In Zhu Xi's struggles with Daoism and Buddhism, like his predecessors, he integrates elements of both into his writings. In what follows I will examine first the Daoist influence on him, then the Buddhist influence, and how he reinterpreted Confucian learning in light of both.
1. Influence of Daoism:
Linking primordial chaos with civilization through seeing nature as constant movement, generating the myriad things on its own: Like Zhou Dunyi (see notes or early part of chap.20 of de Bary), Zhu Xi attempted to bridge Daoism and Confucian this-worldliness. Seeing the primordial state of nature that the Daoists longed to return to not as a quiet pristine scene, but a site of constant movement generated from within itself, Zhu Xi borrowed from Zhou Dunyi the idea of the Supreme Ultimate Polarity to describe this constant self-generated movement and the moments when it stops: when the movement goes on, it has a force called yang, and when it momentarily stops, the stillness is called yin. The different combinations of the yin and yang lead to the myriad things in this world. (de Bary, 699-700)
The Confucian Way and the workings of the Supreme Ultimate: Having argued that the primordial chaos of the Daoists and the Confucian civilized world were in a continuum, the former naturally generating the latter, Zhu Xi built a greater linkage between the Confucian and the Daoist worlds by arguing that the Confucian principles (li) were directly embedded in the primordial chaos: it was they that generated the force called yang, leading to the changes which led to civilization and the myriad things. (701-702) In another place, Zhu Xi more specifically describes how the myriad things were created, emphasizing that it was the material force [directed by the Confucian principles which caused the ying-yang movements] that created the universe. (702-703)
2. Influence of Buddhism
Differentiation between the material and spiritual worlds on the basis of purity/impurity: As we know, the Buddhist belief that human perceptions are false is based on their belief in the impurity of the world (meaning the world is made up of composites). Only purity is permanent and the impure composites disintegrate over time. In his attempt to fight against the other-worldly tendencies of Buddhism, Zhu Xi emphasized the authenticity of the material world. While he did not want to separate ideas from the material world for fear that would destroy the Confucian belief in human innate rationality, he wanted to distinguish between ideas/principles and the material world. so he chose to use the binary of pure/impure to describe the difference: on the one hand, principles were inherent in the material world [just as moral ideas were inherent in the human mind, as Confucians argued], on the other hand, principles were pure, while the material world was impure. (699-700) This way, Zhu Xi managed to state the slight superiority of principles over the material world while not separating them into two different worlds. Zhu Xi hastened to add that however, principles would not work without material force. Here the material force referred to the five phases or elements, and principles the Confucian ones including humaneness, rightness, ritual decorum, and wisdom. (700)

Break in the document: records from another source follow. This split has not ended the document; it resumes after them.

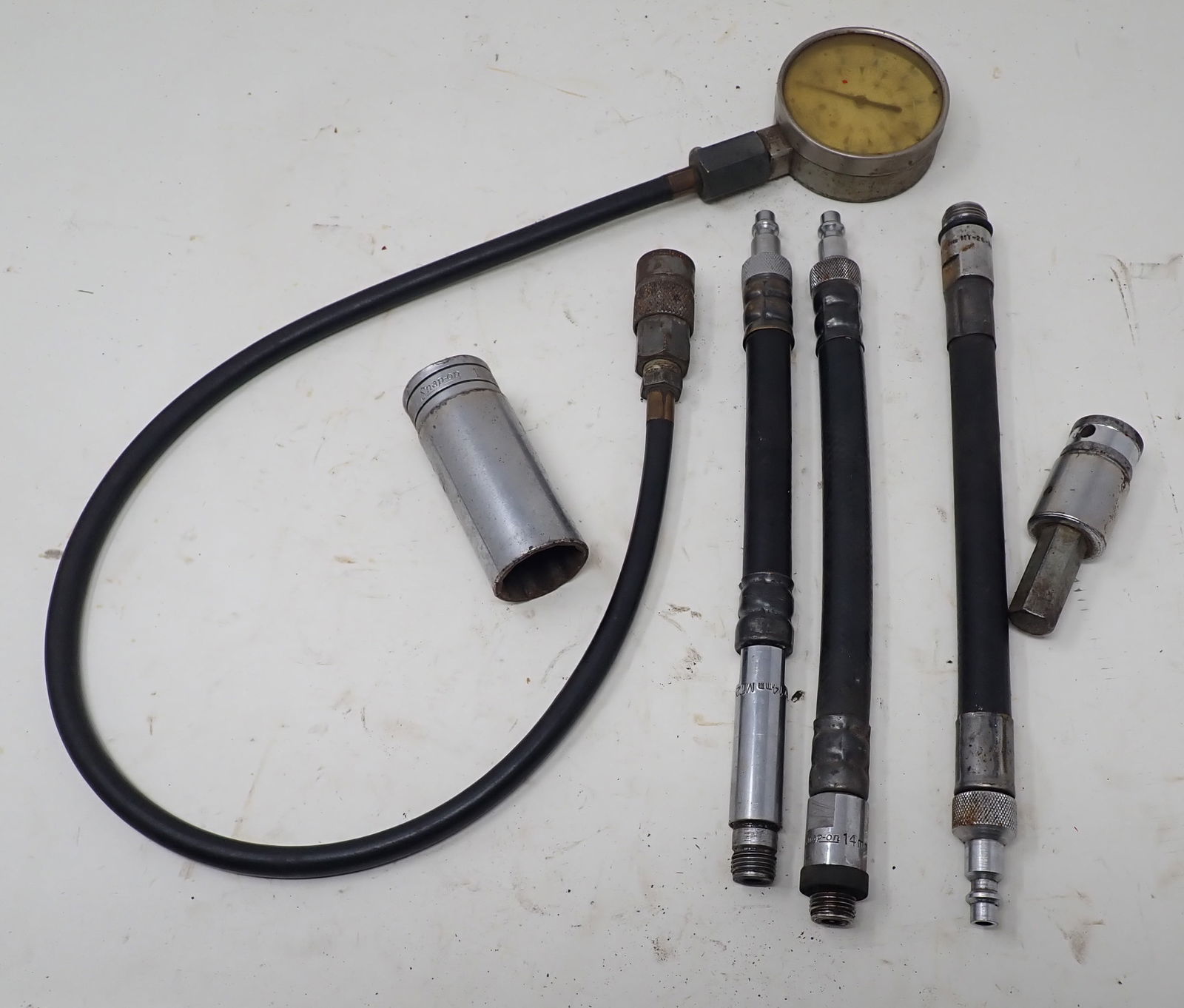 Snap On Compression Gauge & 1/2" Drive Sockets (1 of 3)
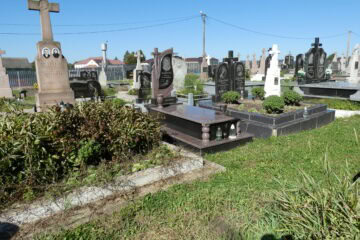 Вічні могили на цвинтарі Буцач, стильні пам'ятники, доглянуті зелень і квіти.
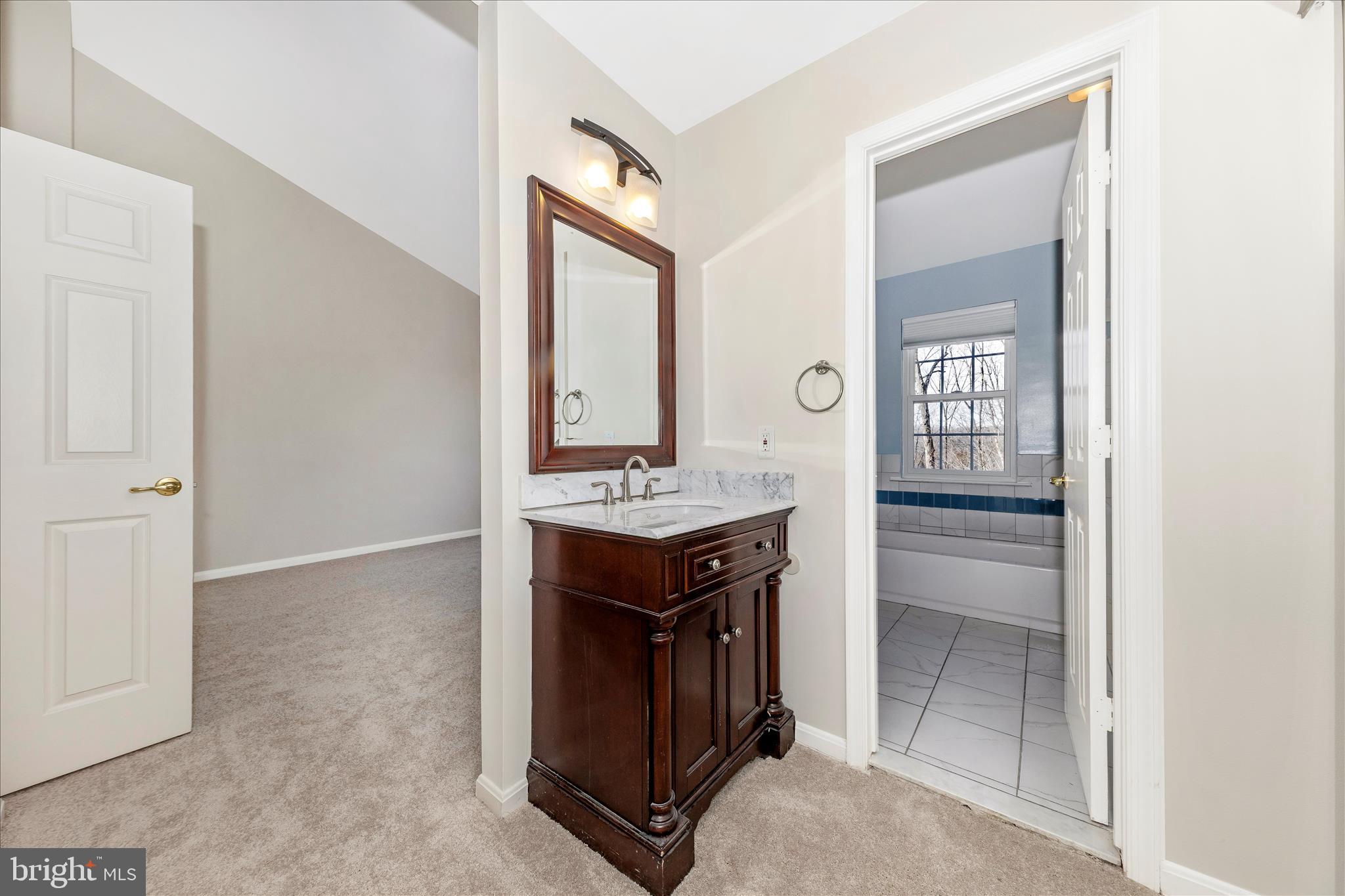 CHURCHILL TOWN SECTOR - Residential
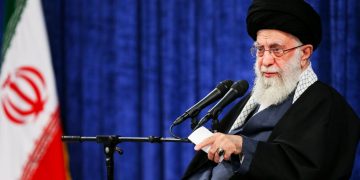 IRÁN. Jameneí felicita al pueblo por la victoria y expresa que “el régimen sionista fue casi derribado y aplastado”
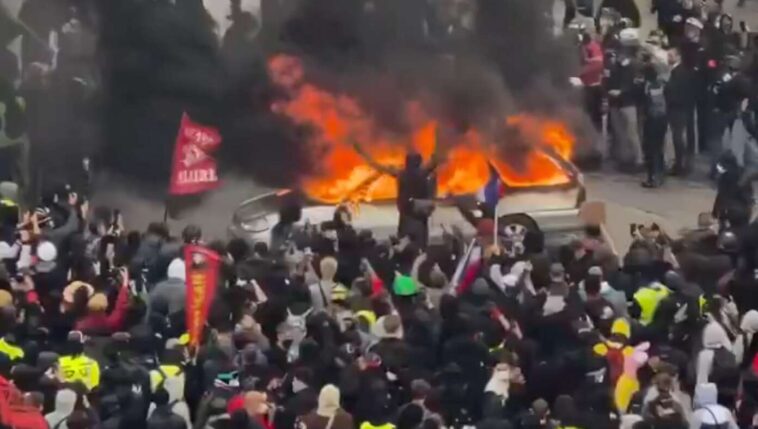 nation-of-france-films-massive-campaign-ad-for-republicans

Principle and material force were inseparable: As a good Confucian who focused on practical results, Zhu Xi pointed out that the principles could not function without material force, thus with death and disintegration the spirit within the human being was gone because the spirit could not function without the body. (701) It was a rebuttal to the Buddhist argument of the transmigration of souls, showing that rationality or spirituality do not exist aside from individual humans, emphasizing rationality as an instrument for this worldly activities. Zhu follows a similar logic in his piece "Spiritual Beings," although he leaves room for ancestral worship: the worship of the spirit of the ancestors because their material bodies decayed gradually, helping the spirit to linger on for a while after death.(703-704)

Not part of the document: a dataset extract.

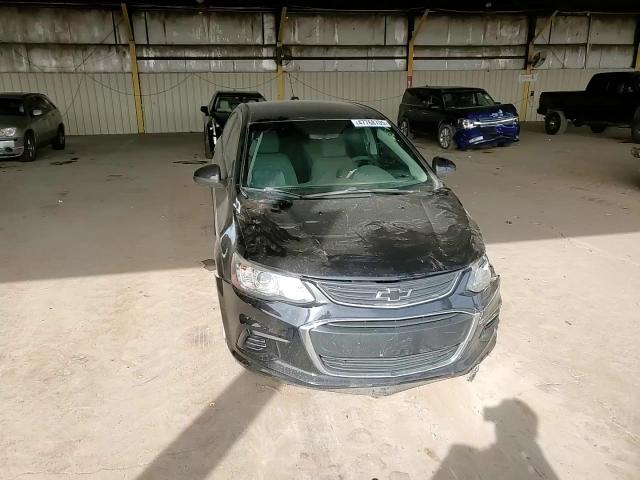 2017 Chevrolet Sonic - Image 10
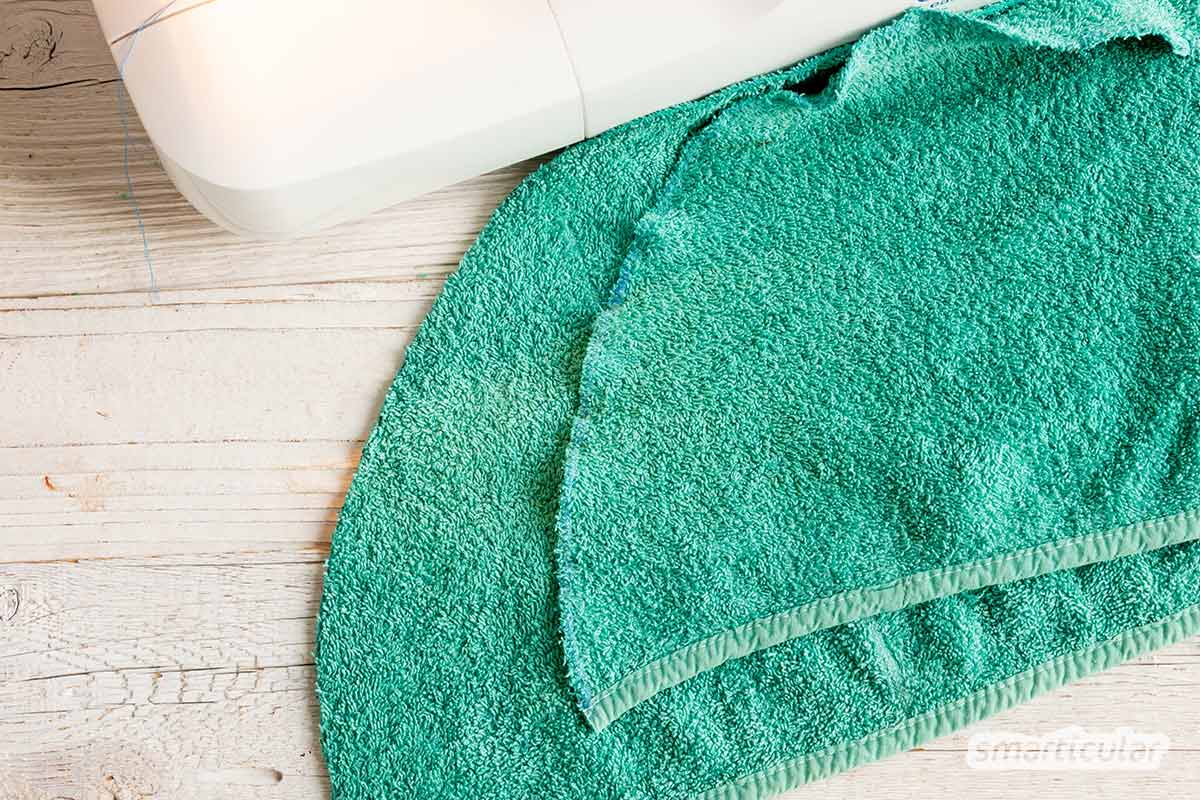 Aus einem alten Handtuch einen Haarturban zu nähen, ist viel praktischer als zum Haaretrocknen ein Handtuch um den Kopf zu wickeln, das immer wieder herunterrutscht.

Because of the centrality of the issue of human innate rationality, Zhu Xi argued for the integration of principles and material force in many places. In "The Mind-and-Heart," he compared them to candle flames (spirit), which could not burn without the candle (material force). He argued that the mind could access the whole universe, since they shared the same principles, and controlled the universe instead of being controlled by it. (708-709) This was a rebuttal to the Buddhist argument that human perceptions are illusions and truth was separate from human experience in this world. The thing is, by creating this all powerful mind that could access the whole universe, Zhu Xi himself was perilously close to the argument that thinking could be separate from human experience, something he desperately tried to combat.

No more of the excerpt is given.